▶ **Exercise directions**
Below are entries. Reproduce exactly the lines between the line holding "Abs 1j0617117g 10020600774" and the line holding "PSORAXIL ORO 30 COMPRESSE 500 MG - Farmastop", inclusive, and only those.

▶ **Information supplied**
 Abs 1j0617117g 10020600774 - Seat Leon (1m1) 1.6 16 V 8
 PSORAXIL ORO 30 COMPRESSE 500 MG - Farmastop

---

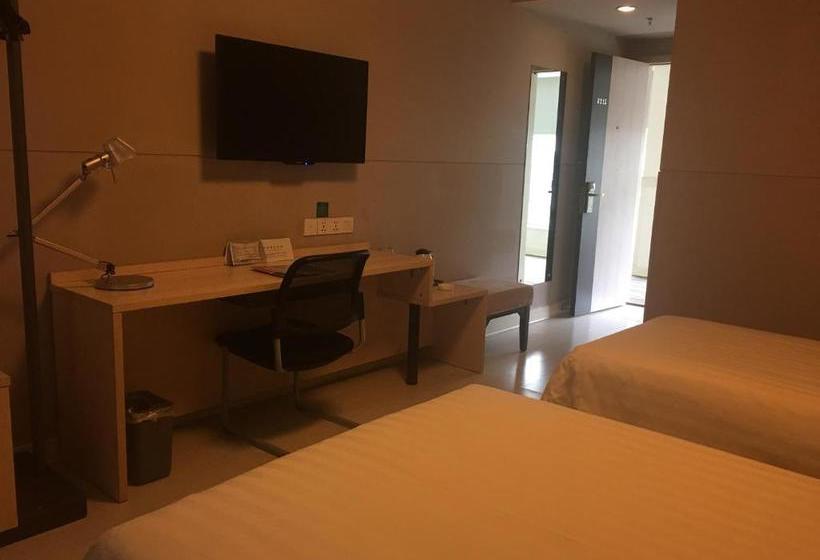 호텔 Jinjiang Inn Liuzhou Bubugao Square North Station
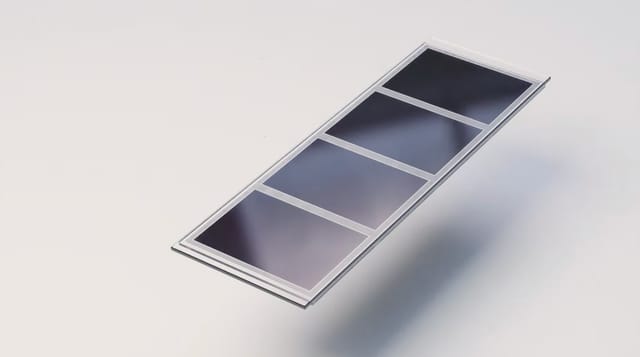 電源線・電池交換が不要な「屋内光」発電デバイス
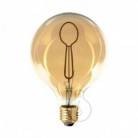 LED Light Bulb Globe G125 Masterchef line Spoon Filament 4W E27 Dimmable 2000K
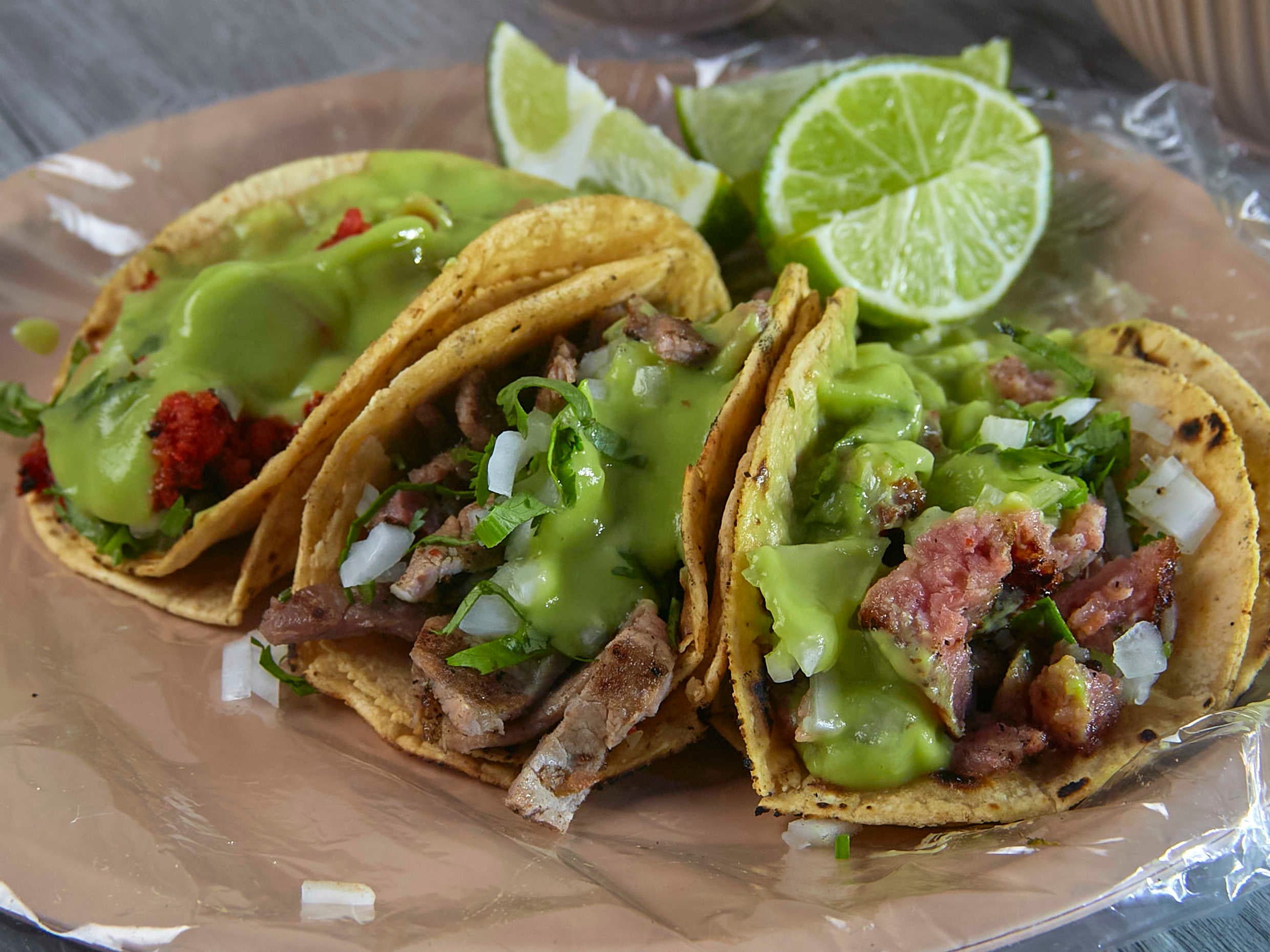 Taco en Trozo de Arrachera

--

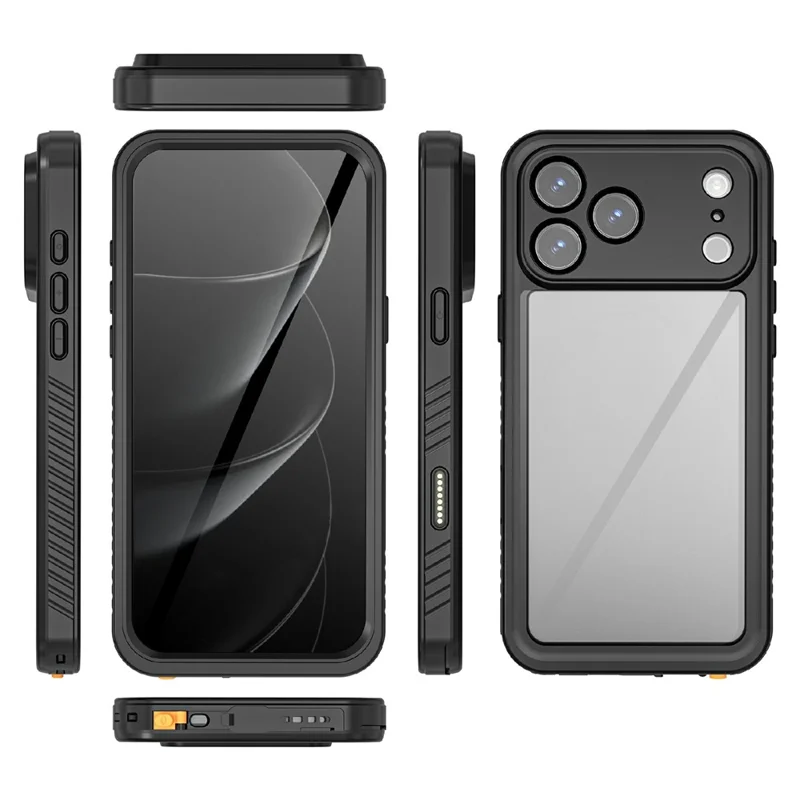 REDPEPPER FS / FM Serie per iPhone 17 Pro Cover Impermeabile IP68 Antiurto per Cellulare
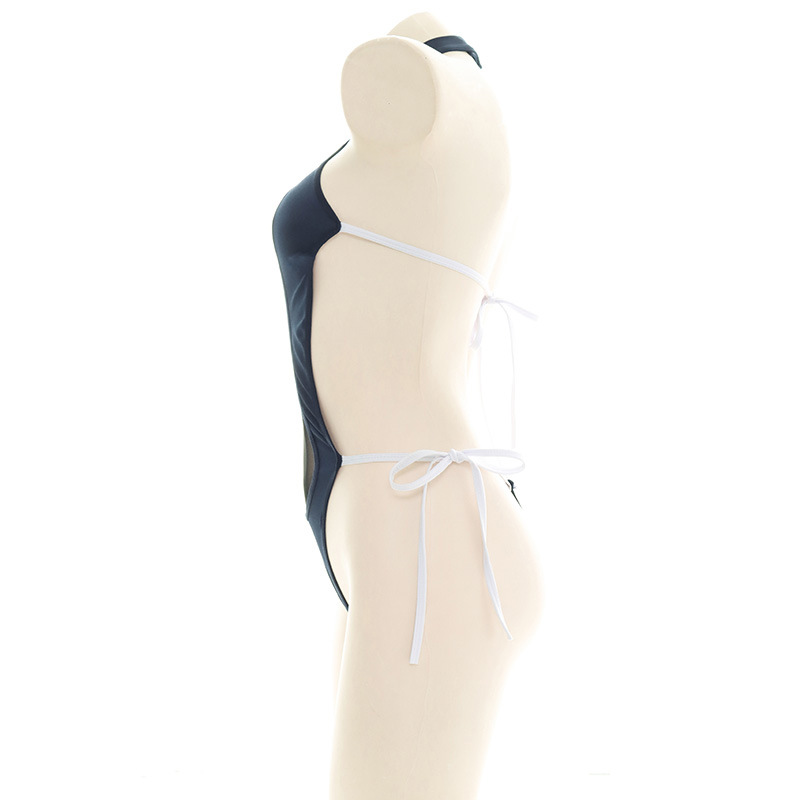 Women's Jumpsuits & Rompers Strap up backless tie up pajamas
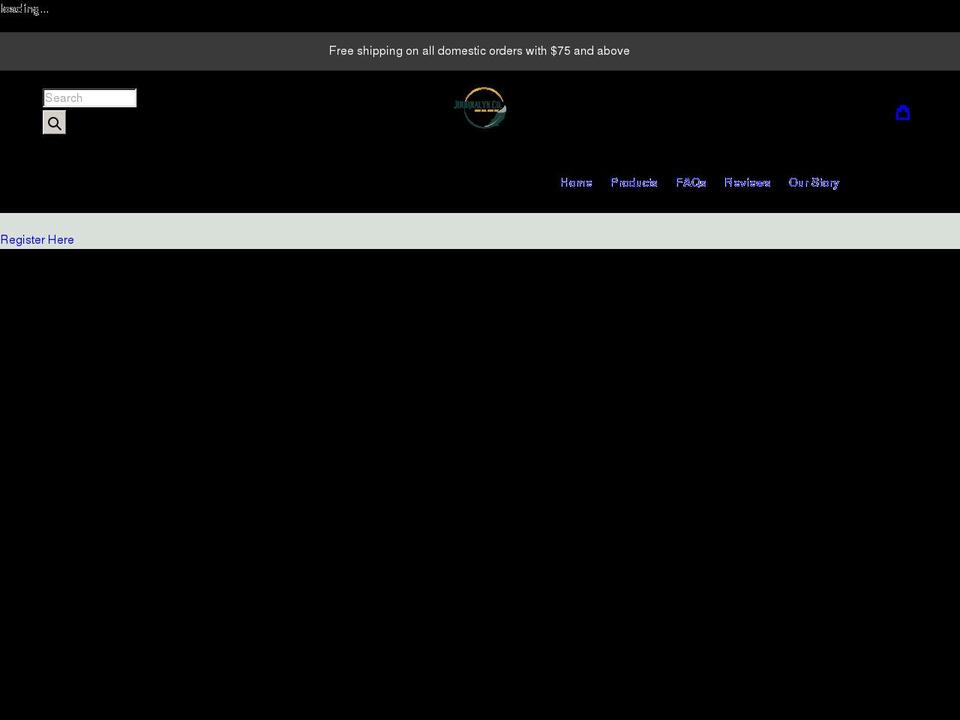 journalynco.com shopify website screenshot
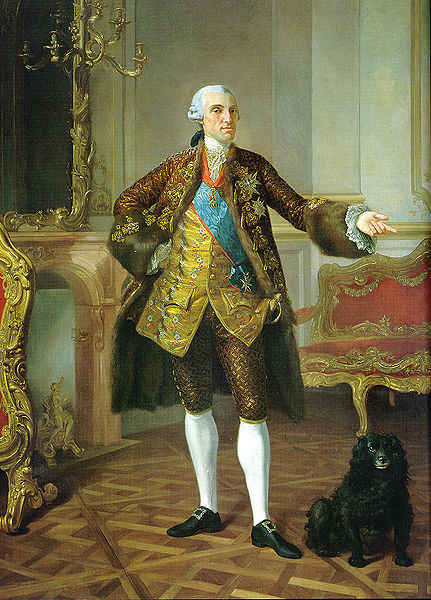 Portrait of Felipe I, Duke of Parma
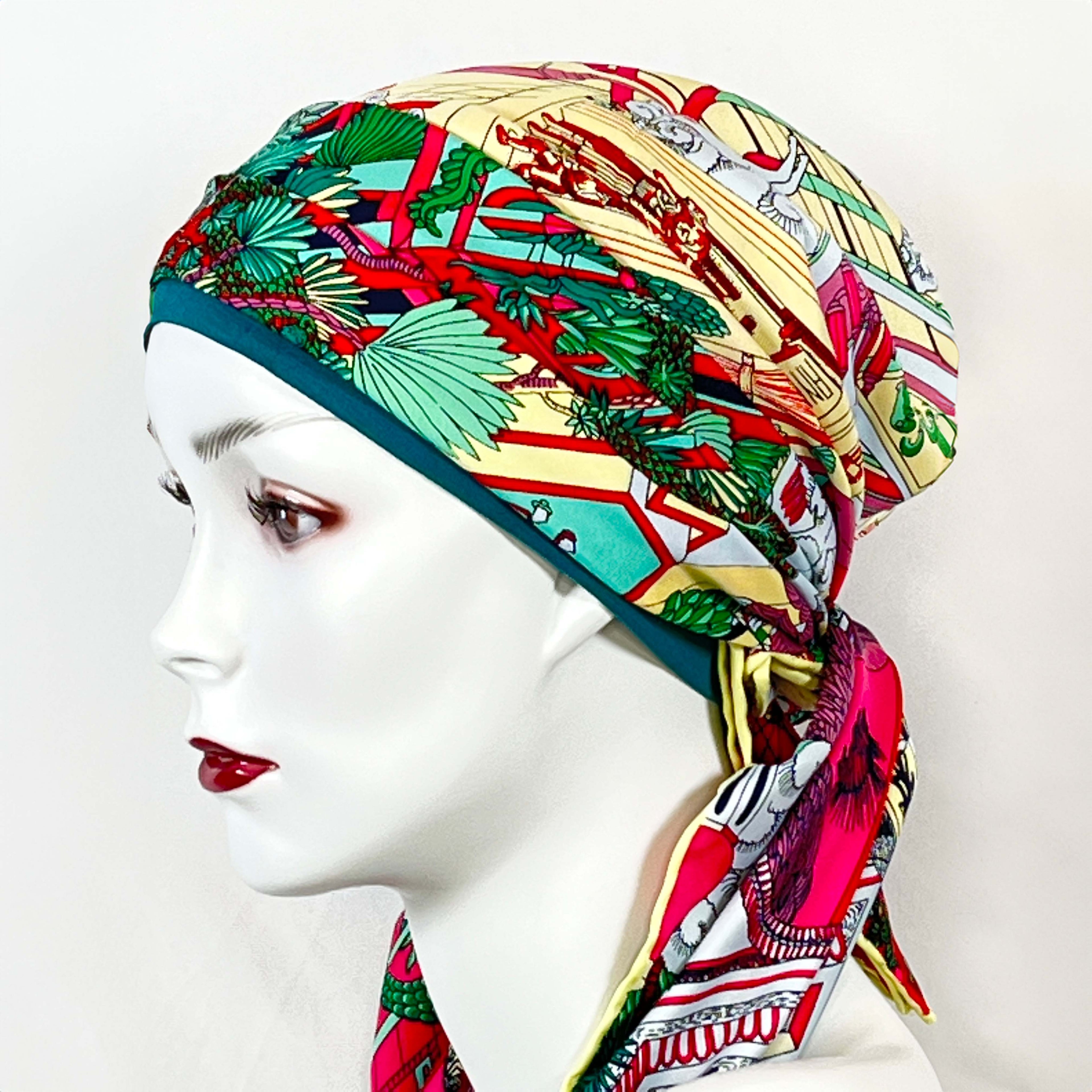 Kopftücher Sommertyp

▶ **Exercise result**
 Abs 1j0617117g 10020600774 - Seat Leon (1m1) 1.6 16 V 8
 PSORAXIL ORO 30 COMPRESSE 500 MG - Farmastop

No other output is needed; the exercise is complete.